TRY IT -> Give exactly the lines from the one that contains "Photo 2 of 2013" through the end of the entries below, both included; the pictures stay out.

SUPPLIED RECORDS ->
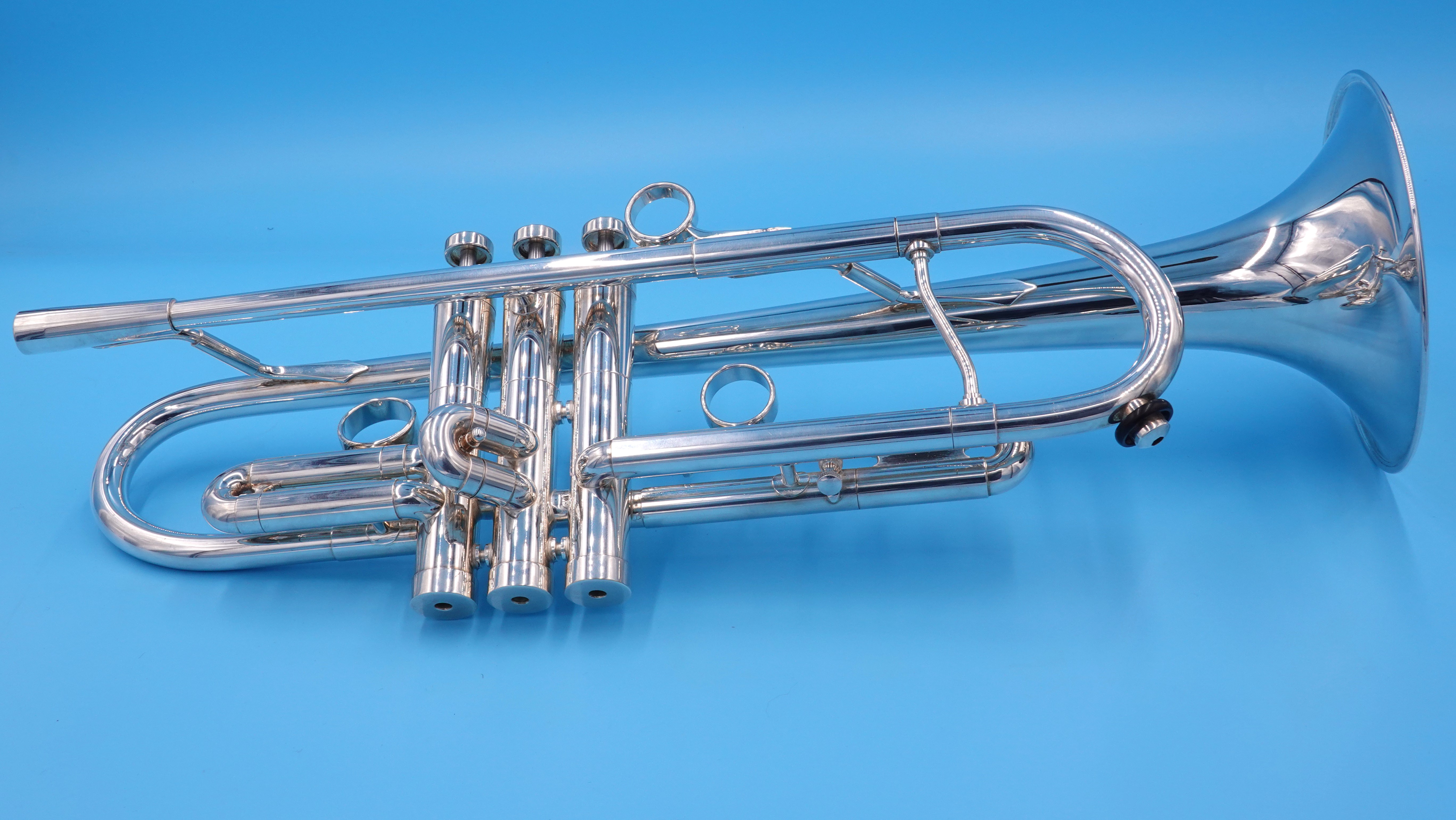 K.Custom Professional Trumpet - Solid Silver Leadpipe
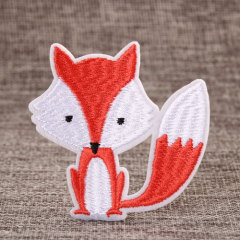 Clever Fox Custom Made Patches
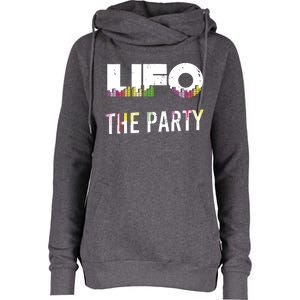 Funny LIFO The Party CPA Accounting Major T Womens Funnel Neck Pullover Hood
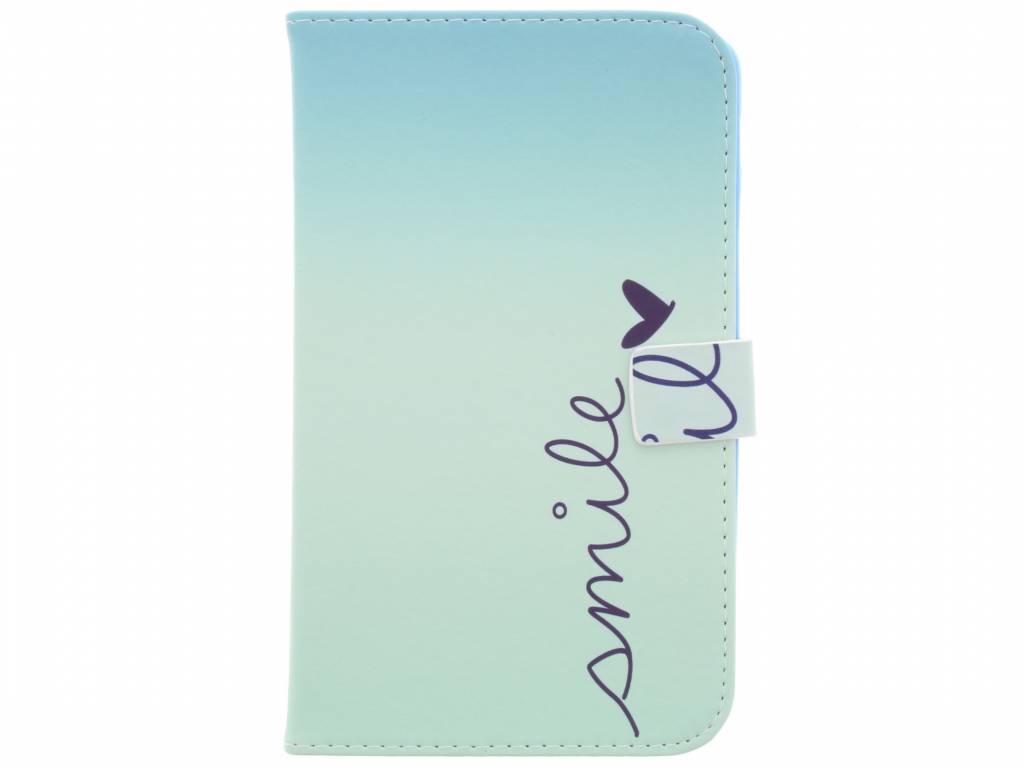 Image of Smile design TPU tablethoes voor de Samsung Galaxy Tab A 7.0 (2016)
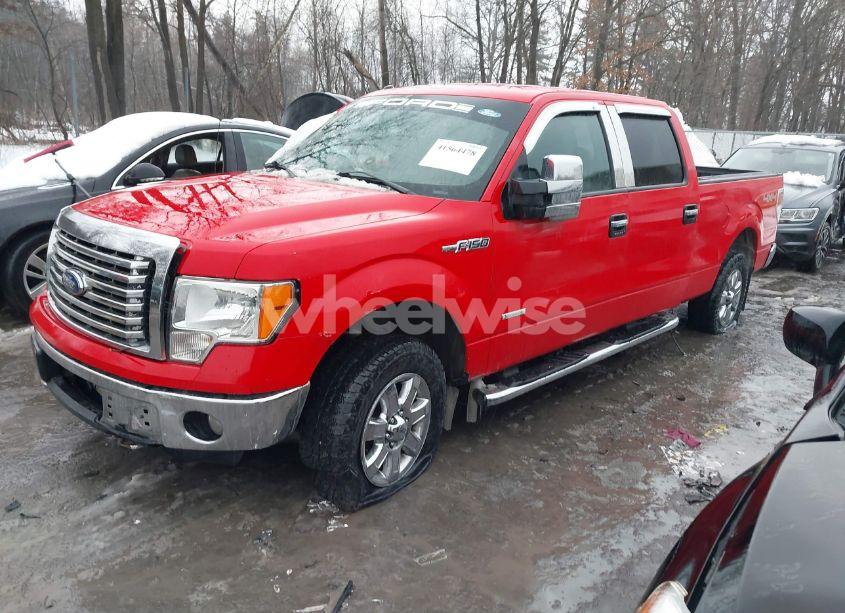 Photo 2 of 2013 Ford F-150 XLT (VIN 1FTFW1ET8DKF30504)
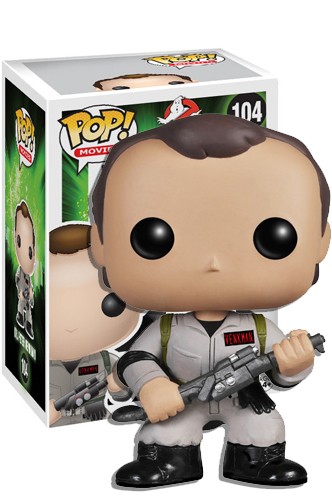 Pop! Movies: Ghostbusters - Dr. Peter Venkman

ANSWER FOR THE TASK ->
 Photo 2 of 2013 Ford F-150 XLT (VIN 1FTFW1ET8DKF30504)
 Pop! Movies: Ghostbusters - Dr. Peter Venkman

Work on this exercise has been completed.